Professional Background
Veronica Laputska is currently PhD Candidate at the Graduate School for Social Research, Institute of Philosophy and Sociology, Polish Academy of Sciences and a co-founder of the EAST Center (Warsaw). Her thesis examines visual propaganda at the national commemorations in modern Belarus. Ms. Laputska holds a Specialist Diploma in International Relations from the Belarusian State University, an MA in European Studies from the European Humanities University, an MA in East European Studies from the University of Warsaw, as well as an MA in Economy and Society from the Lancaster University. Veronica speaks Belarusian, Czech, German, Polish, Russian, Ukrainian and Yiddish.
Veronica has been the recipient of several prestigious awards, including the Rothschild Scholarship for the Naomi Prawer Kadar International Yiddish Summer Program at Tel Aviv University in 2019 (Israel); the YIVO Full Scholarship for Uriel Weinreich Program in Yiddish Language, Literature and Culture in 2018 (USA); a full PhD Scholarship from the Higher Education Support Programme (Open Society Foundation); and the Scholarship of the Polish Ministry of Foreign Affairs and the University of Warsaw for MA studies in 2009–2011.

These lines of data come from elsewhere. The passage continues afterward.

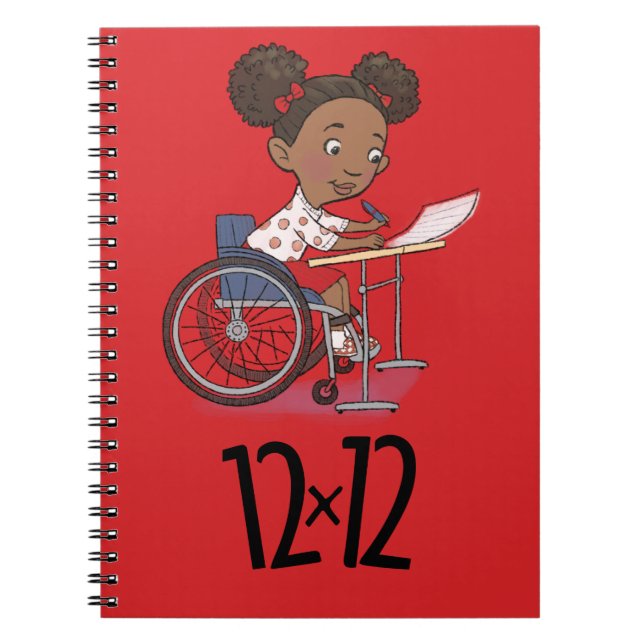 12 x 12 Writer Girl Spiral Notebook Red (Front)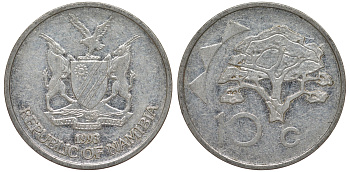 Намибия 10 центов 1998 дерево KM 2 никелированная сталь 4163-924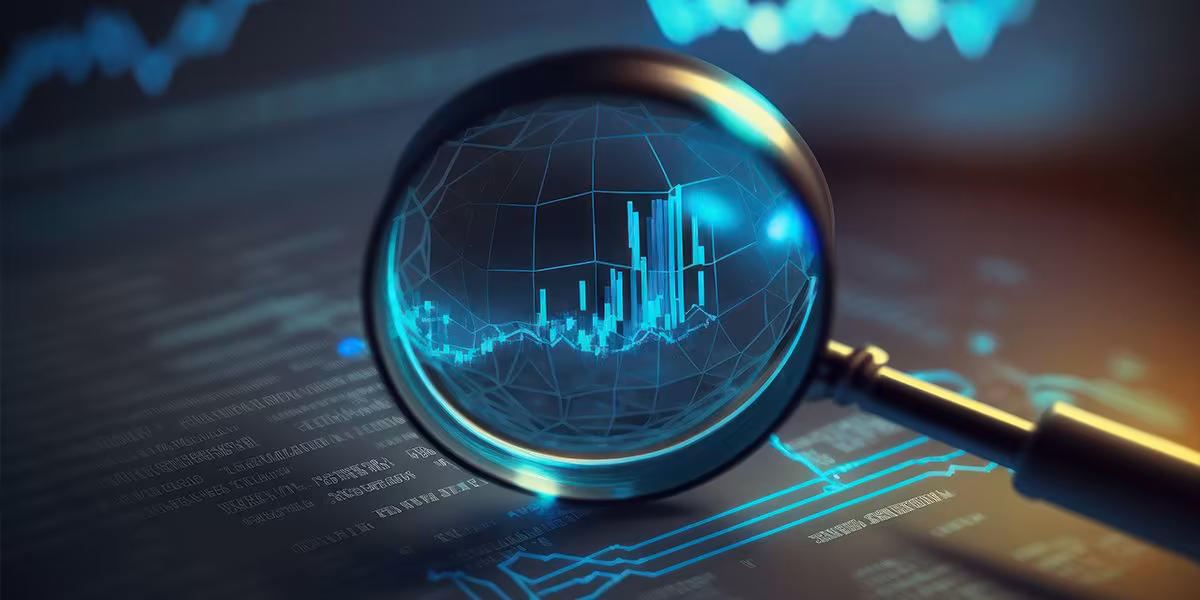 Magnifying glass analyzing AI web data and charts by Qreative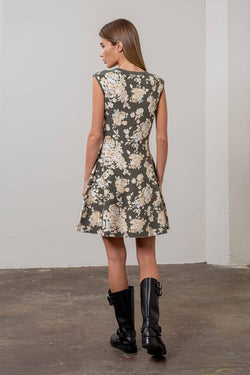 Image of Floral Print Sweater Mini Dress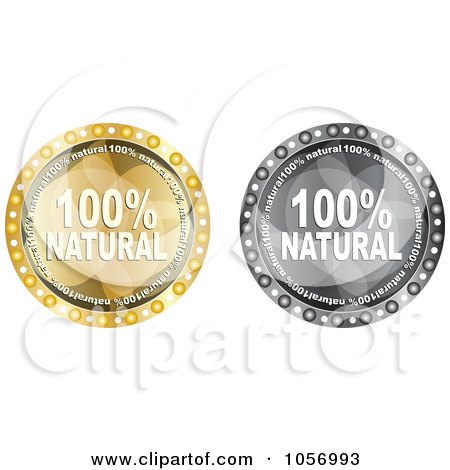 Royalty-Free Vector Clip Art Illustration of a Digital Collage Of Grayscale And Gold Natural Guarantee Circles by Andrei Marincas
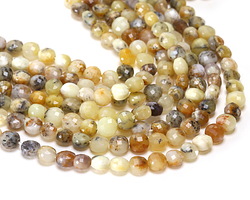 Yellow African Opal Faceted Puff Coin 6-6.5mm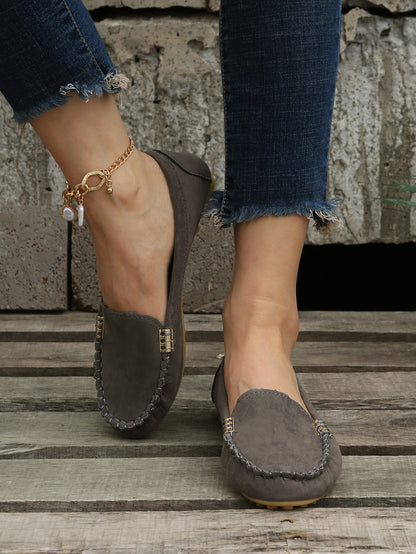 [Comfortable Loafers] Comfortable Round Toe Loafers | Women's Solid Slip On Shoes, Women's Footwear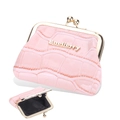 Roze portemonnee met krokodillenprint, glanzende afwerking en gouden metalen sluiting - Roze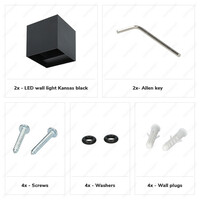 2er-Satz Kansas - Dimmbare LED Wandlampe Cube (Eckig) - 7 Watt - 3000K warmweiß - Up Down Lampe - IP65 Wasserdicht - Schwarz - Wandleuchte für den Innen - und Außenbereich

Ms. Laputska consults with various international and regional organizations and funds on media and democratization. In 2016-2017, Veronica carried out a joint project of the Jewish Museum in Minsk and USHMM that digitzed oral testimonies of the Belarusian Holocaust survivors and the Righteous among the Nations in Belarus. At the moment, Veronica works on two book projects with Dist. Prof. David R. Marples of the University of Alberta, Canada: one on the politics of memory of the places of mass extermination in Belarus in 1930-1940s and another on 2020 Belarusian protests. Her research interests and expertise include media, visual and Jewish studies as well as study of nationalism and politics of memory.
Fellowship Research
Ms. Laputska will be in-residence as a Mandel Center for Advanced Holocaust Studies Fellow to conduct research on the project, “Maly Traścianiec and Other Forgotten Holocaust Sites in Belarus.” The biggest concentration camp on the Soviet territory during the Nazi occupation of its western lands, Maly Traścianiec was predominantly neglected in the Western historiography and often avoided in the glorification narratives of the Great Patriotic War present during the Soviet times. For this reason, Veronica aims to attempt to fill out this gap. During her stay, she will focus on the data from reports and investigative materials compiled by the Military Commissions of the Red (Soviet) Army related to crimes committed by the Nazis and their collaborators on the occupied territories of the Soviet Union and Eastern Europe during WWII, as well from documents and data collected by the Special Extraordinary Commission that investigated Nazi crimes after the war. She will analyse the documented reasons why Maly Traścianiec was neglected in official propaganda during the Soviet times and compare this to the documented data on losses and other details with the information exposed on the territory of the official memorial.